The personal diary of Manuel “Tortuguita” Teran, an activist who died after exchanging fire with police near the site of the planned public safety training center, was filled with phrases such as “Cop cars love being on fire;” “Prisons were built to be burnt down,” “Burn police vehicles” and “Kill cops.”…
“These statements are a glimpse into the mind of a ‘Forest Defender’ and the attitudes kept by Teran and his co-conspirators,” reads the motion, filed Nov. 15. “He writes about the forest and his desire to stop the construction of the training center as well as his contempt and hatred for police.”
The AJC published a story with more detail on the diary.
On Dec 18, 2021, Teran started a passage titled, “If the Cops (the word “Pigs” was crossed out) Kill me.”
“If the cops kill me, I want you to riot, burn down their stations and set their cars alight. Know that I went out fighting and ask we all could have peace and be free,” Teran wrote.
Then, “If the cops kill me I want you to riot, to kill as many of them as you can.
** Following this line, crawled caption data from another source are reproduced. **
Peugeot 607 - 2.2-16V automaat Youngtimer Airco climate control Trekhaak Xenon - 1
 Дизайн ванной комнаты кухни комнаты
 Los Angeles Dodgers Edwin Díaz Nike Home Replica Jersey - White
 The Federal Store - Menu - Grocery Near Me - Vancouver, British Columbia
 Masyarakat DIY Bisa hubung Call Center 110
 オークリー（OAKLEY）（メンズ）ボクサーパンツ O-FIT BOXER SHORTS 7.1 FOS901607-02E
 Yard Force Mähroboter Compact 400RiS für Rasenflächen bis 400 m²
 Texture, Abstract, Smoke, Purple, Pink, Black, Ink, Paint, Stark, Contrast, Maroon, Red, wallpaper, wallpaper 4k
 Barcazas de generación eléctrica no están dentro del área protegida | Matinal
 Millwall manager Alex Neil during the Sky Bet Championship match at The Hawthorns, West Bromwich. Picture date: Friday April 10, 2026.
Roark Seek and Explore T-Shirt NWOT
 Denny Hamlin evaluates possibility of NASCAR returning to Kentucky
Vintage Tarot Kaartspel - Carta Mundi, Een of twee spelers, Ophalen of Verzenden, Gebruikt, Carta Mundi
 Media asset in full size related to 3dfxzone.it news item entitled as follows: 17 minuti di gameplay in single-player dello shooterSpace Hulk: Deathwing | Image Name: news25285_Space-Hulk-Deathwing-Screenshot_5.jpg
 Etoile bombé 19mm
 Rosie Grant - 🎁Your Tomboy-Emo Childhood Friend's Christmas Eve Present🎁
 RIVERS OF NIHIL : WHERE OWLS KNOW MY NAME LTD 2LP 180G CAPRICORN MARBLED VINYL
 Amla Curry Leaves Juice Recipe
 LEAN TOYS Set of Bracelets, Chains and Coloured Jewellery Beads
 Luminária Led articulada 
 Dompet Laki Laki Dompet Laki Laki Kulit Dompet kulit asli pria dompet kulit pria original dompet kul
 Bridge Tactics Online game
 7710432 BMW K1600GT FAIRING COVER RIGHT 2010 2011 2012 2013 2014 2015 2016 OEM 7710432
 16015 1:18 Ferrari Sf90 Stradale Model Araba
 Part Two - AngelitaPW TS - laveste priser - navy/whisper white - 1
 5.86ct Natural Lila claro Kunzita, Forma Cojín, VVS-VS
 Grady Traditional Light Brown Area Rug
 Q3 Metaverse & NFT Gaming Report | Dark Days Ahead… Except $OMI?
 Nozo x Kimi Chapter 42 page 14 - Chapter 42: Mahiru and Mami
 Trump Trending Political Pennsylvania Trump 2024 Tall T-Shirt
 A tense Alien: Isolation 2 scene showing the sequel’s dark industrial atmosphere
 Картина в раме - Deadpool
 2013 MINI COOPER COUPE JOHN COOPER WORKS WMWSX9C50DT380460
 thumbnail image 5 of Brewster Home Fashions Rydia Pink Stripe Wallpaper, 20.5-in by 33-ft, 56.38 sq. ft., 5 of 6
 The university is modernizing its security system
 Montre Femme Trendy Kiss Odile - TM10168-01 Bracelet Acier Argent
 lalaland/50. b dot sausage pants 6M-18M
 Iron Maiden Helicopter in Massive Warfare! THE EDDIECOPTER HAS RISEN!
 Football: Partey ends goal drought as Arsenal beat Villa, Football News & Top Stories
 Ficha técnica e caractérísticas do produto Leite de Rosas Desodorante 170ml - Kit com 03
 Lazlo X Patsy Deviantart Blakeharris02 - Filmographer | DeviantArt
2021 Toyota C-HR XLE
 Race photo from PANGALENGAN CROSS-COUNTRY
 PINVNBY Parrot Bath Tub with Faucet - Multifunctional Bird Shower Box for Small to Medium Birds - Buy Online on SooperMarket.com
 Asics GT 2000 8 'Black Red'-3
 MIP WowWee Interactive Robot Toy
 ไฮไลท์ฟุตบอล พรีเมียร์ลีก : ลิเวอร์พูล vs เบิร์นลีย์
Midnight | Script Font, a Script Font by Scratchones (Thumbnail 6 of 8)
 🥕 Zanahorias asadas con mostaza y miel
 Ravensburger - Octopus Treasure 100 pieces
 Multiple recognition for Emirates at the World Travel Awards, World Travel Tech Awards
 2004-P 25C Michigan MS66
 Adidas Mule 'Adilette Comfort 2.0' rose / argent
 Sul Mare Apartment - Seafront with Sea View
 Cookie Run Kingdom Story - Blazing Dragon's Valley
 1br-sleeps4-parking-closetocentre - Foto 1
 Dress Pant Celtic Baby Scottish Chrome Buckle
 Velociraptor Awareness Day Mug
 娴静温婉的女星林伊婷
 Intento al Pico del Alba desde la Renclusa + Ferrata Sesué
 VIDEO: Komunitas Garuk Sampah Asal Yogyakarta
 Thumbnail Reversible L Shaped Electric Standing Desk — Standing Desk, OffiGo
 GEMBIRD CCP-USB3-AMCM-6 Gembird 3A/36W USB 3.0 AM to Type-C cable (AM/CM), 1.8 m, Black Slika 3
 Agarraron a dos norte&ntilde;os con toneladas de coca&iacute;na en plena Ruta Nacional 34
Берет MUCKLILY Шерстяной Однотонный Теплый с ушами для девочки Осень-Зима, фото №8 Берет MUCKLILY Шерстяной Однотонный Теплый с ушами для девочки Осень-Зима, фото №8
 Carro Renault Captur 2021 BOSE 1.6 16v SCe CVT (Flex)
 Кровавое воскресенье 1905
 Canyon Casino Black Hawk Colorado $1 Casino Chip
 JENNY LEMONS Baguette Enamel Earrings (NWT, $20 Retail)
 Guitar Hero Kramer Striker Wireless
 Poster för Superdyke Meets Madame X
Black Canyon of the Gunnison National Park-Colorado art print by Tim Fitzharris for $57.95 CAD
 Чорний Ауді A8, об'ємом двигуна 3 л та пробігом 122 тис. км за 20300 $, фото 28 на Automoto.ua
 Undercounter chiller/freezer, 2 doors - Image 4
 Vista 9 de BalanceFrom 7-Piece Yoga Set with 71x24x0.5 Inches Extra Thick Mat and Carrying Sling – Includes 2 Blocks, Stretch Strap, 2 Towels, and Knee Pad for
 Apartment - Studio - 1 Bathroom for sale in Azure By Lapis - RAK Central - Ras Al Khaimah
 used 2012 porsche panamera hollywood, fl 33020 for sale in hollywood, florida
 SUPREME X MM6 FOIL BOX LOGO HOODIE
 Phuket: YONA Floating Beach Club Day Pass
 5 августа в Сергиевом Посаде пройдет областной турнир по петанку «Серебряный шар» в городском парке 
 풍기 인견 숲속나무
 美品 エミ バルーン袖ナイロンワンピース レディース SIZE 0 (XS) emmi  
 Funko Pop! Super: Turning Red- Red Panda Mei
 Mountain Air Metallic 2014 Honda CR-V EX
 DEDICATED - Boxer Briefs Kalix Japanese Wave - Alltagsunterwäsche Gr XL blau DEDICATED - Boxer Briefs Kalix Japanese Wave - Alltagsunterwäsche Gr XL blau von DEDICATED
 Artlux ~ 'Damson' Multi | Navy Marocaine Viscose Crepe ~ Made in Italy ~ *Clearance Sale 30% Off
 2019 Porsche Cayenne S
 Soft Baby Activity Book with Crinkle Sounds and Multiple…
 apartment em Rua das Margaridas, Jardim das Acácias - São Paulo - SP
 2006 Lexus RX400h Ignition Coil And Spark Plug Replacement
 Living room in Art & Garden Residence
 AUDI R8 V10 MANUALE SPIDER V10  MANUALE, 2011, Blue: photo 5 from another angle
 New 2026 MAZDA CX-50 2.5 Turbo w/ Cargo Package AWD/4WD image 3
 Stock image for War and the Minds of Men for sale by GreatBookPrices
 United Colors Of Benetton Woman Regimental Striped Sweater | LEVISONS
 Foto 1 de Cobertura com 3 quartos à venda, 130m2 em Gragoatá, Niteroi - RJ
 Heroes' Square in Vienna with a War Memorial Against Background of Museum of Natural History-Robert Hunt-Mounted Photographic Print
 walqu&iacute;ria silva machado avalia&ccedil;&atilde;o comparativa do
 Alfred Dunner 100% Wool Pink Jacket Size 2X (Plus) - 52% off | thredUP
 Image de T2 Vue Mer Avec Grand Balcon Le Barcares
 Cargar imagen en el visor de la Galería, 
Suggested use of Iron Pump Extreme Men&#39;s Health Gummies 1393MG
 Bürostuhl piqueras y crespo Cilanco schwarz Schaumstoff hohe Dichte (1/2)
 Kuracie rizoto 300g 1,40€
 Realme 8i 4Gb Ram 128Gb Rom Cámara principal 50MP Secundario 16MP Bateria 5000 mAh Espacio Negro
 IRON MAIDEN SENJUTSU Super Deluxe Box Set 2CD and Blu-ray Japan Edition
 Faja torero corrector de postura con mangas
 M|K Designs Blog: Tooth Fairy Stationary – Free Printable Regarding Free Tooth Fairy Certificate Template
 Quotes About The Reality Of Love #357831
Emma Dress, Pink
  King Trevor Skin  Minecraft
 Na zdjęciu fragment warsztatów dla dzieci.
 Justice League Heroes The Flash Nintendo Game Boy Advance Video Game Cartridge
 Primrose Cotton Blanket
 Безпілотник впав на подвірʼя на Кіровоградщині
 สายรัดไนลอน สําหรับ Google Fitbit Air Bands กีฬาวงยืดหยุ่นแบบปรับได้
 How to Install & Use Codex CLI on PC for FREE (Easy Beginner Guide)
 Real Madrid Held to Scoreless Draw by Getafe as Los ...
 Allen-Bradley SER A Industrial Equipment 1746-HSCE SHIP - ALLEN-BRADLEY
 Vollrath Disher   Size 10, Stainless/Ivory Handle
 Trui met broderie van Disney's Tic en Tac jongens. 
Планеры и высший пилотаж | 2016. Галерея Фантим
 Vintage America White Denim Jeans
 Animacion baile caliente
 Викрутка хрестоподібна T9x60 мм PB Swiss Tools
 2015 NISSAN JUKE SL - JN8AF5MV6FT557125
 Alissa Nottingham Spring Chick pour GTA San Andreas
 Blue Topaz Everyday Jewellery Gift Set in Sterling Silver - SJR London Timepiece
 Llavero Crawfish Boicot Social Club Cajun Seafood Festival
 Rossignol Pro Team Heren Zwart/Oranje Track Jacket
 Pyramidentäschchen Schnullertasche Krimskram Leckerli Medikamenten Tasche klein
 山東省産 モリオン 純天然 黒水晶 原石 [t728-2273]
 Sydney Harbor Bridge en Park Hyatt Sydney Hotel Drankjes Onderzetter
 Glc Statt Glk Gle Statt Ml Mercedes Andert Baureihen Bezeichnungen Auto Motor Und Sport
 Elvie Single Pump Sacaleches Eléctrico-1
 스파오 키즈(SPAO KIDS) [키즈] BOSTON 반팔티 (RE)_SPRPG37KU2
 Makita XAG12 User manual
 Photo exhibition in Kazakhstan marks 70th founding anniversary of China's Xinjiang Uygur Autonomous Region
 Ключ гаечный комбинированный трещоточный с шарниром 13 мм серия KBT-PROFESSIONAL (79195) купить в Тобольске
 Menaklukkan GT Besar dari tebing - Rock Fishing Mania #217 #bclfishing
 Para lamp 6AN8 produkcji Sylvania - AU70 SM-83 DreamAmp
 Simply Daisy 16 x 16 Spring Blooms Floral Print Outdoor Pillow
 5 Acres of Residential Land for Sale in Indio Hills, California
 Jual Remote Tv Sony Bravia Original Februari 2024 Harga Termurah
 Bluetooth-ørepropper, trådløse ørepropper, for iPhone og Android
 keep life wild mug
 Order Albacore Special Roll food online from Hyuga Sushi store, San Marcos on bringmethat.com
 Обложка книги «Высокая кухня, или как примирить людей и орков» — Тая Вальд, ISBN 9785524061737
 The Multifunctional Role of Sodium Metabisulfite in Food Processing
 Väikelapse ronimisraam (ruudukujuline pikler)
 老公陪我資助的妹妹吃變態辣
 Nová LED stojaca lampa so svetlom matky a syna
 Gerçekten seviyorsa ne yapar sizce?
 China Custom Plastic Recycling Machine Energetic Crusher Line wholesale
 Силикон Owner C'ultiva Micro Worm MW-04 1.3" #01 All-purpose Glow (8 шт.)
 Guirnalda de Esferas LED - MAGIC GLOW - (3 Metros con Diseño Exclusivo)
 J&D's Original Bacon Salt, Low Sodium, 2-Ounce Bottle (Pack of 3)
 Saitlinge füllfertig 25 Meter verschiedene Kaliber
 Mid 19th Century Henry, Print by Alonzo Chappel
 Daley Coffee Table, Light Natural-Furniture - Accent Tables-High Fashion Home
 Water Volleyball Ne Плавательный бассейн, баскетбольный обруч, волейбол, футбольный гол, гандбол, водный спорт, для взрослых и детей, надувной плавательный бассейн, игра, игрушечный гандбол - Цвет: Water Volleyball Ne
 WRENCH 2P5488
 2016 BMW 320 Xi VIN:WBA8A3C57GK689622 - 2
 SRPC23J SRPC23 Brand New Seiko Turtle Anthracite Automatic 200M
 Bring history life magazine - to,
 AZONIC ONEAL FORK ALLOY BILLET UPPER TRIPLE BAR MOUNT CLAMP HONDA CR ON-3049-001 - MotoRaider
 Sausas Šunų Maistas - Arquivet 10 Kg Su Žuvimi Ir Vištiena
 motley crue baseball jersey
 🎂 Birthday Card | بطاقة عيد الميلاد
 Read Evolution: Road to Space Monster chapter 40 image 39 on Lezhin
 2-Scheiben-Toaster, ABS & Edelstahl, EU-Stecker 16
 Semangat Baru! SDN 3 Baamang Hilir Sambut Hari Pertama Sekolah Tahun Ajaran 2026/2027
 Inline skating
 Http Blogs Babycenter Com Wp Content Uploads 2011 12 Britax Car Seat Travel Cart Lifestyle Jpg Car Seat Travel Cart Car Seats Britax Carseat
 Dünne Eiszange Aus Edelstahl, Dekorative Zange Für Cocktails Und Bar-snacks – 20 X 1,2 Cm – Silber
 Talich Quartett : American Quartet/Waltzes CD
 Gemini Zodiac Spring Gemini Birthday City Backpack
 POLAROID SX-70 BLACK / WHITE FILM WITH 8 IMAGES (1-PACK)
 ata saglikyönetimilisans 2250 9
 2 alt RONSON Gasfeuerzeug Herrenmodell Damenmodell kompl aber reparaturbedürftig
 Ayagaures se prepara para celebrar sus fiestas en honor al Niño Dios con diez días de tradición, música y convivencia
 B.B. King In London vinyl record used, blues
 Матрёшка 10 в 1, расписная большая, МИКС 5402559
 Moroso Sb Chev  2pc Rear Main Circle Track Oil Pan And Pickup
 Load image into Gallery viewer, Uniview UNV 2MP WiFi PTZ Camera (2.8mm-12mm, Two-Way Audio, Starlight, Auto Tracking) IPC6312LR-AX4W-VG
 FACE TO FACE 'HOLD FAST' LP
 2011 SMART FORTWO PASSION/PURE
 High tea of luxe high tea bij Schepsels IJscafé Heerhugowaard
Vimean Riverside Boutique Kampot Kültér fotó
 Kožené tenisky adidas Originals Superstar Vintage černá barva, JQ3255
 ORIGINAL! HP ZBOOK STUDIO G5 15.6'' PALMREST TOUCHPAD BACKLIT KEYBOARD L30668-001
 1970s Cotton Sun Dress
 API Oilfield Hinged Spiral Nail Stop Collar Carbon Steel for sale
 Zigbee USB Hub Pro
They are terrorists. They keep us all subjugated . . . I think they should all quit their jobs or die. I would love to live a long and peaceful life but I do not fear violence.”…
An entry in September 2022 read, “I made the accounts knowing the risk and I do not regret it. Even if the FBI assassinates me, it will have been worth it. I have helped people and will hopefully inspire others to do more mutual aid without getting assassinated. My exit strategy is to keep resisting fascism, ecocide and the damn capitalist heteropatriarchy.”
Four pages later comes the passage, “Killing cops is okay! Killing people is generally a bad thing. Fascists and cops count as people but killing them is morally and ethically just because they are threats to the survival of many people. . . Dead cops! Dead cops everywhere.”
The final entry in the diary is dated Dec. 15 just after police had cleared a camp set up by the protesters and arrested several of them. Teran was seething. “I hope every judge, kkkop and bootlicker dies painfully and is remembered as scum,” he wrote. About four weeks later, Teran refused to exit his tent when ordered to by Georgia State Patrol troopers. Pepper balls were fired into his tent to force him out and he responded by firing a shot which hit one trooper below his vest, sending him to the hospital where emergency surgery was performed. The other troopers responded by firing multiple shots into the tent, killing Teran.
Teran repeatedly wrote that he was willing to die for the cause. I don’t think there’s any way to know for certain what he was thinking in those final moments, but he must have known that firing his gun at police would probably result in his death. It really seems to me that he chose to be a martyr. That’s certainly how his comrades and many sympathetic media outlets have treated him.
But he was not a peaceful protester or even a mostly peaceful protester. He was someone who thought a lot about harming police and about how his death might inspire more people to harm police.